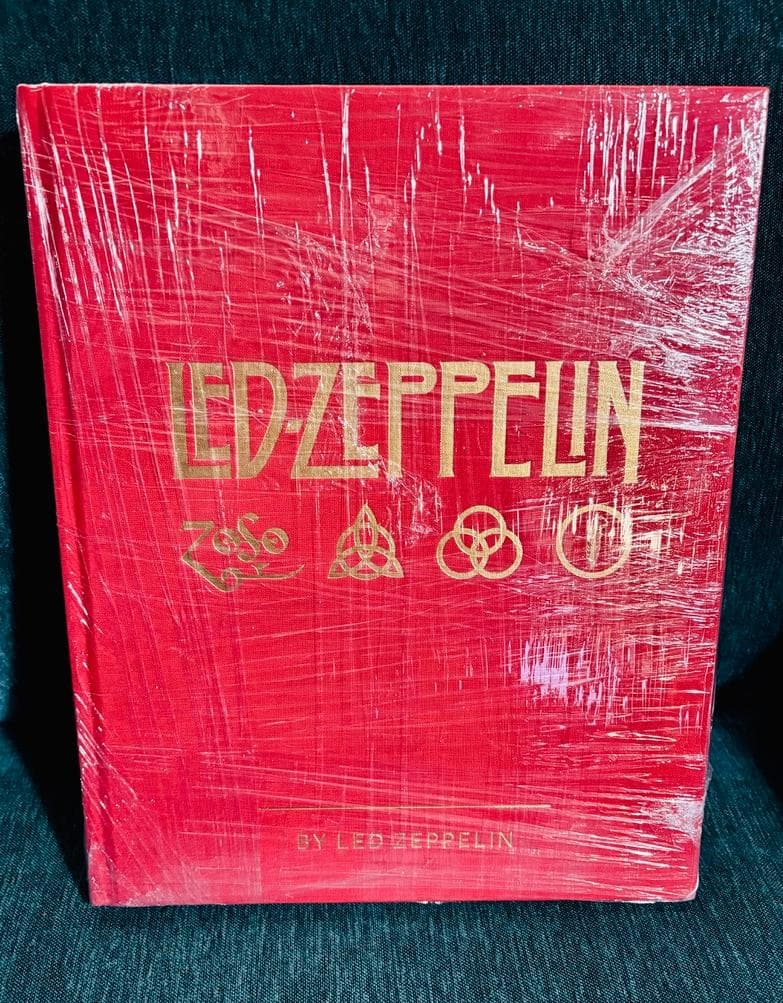 LED ZEPPELIN 写真集 2冊セット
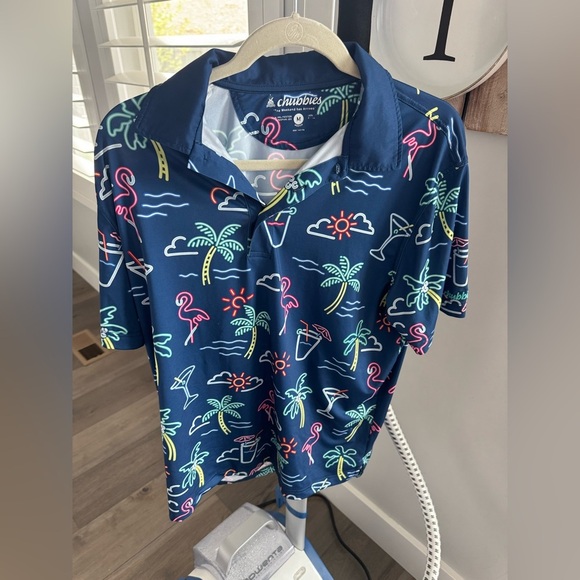 Men’s Chubbies Polo shirt - Picture 3 of 6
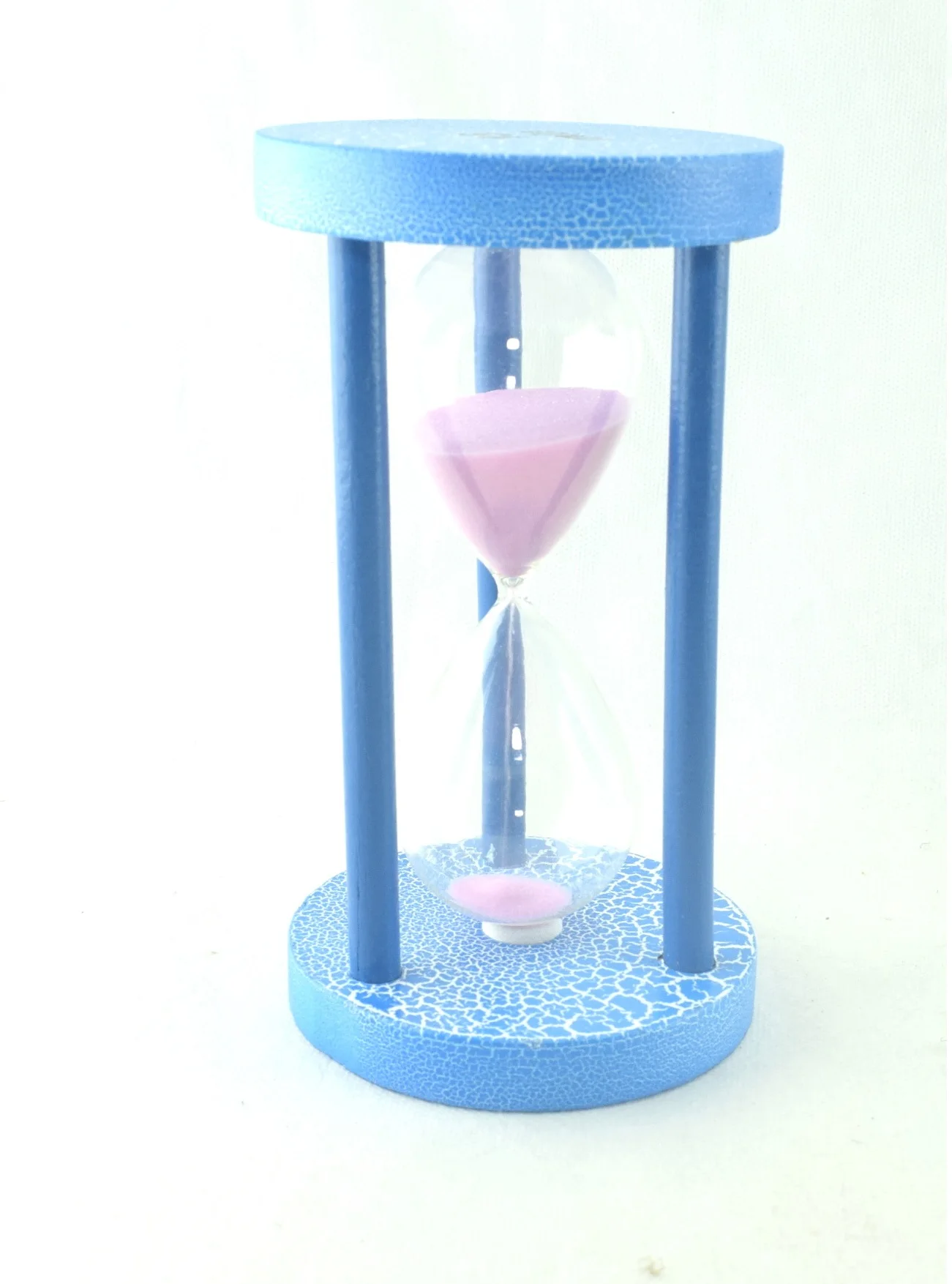 935 - Sablier rond 15 minutes, moderne et utile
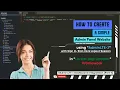 PHP Lorem Framework - Part 5 AdminLTE 3 Starter Dashboard Integration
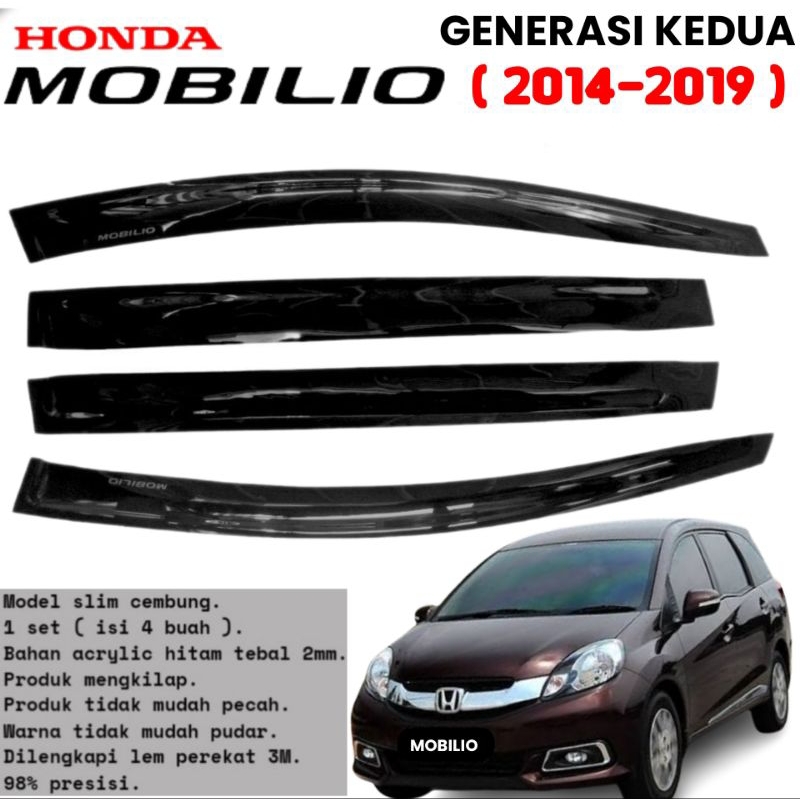 TALANG AIR MOBIL SLIM CEMBUNG MOBILIO 2014-2019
━━━━━━━━━━━━━━━━━━━━
DIRECTIONS FOR THIS TASK:
Please transcribe the listing exactly as it stands, but omit its pictures.

RESPONSE BELOW:
 LED ZEPPELIN 写真集 2冊セット
 Men’s Chubbies Polo shirt - Picture 3 of 6
 935 - Sablier rond 15 minutes, moderne et utile
 PHP Lorem Framework - Part 5 AdminLTE 3 Starter Dashboard Integration
 TALANG AIR MOBIL SLIM CEMBUNG MOBILIO 2014-2019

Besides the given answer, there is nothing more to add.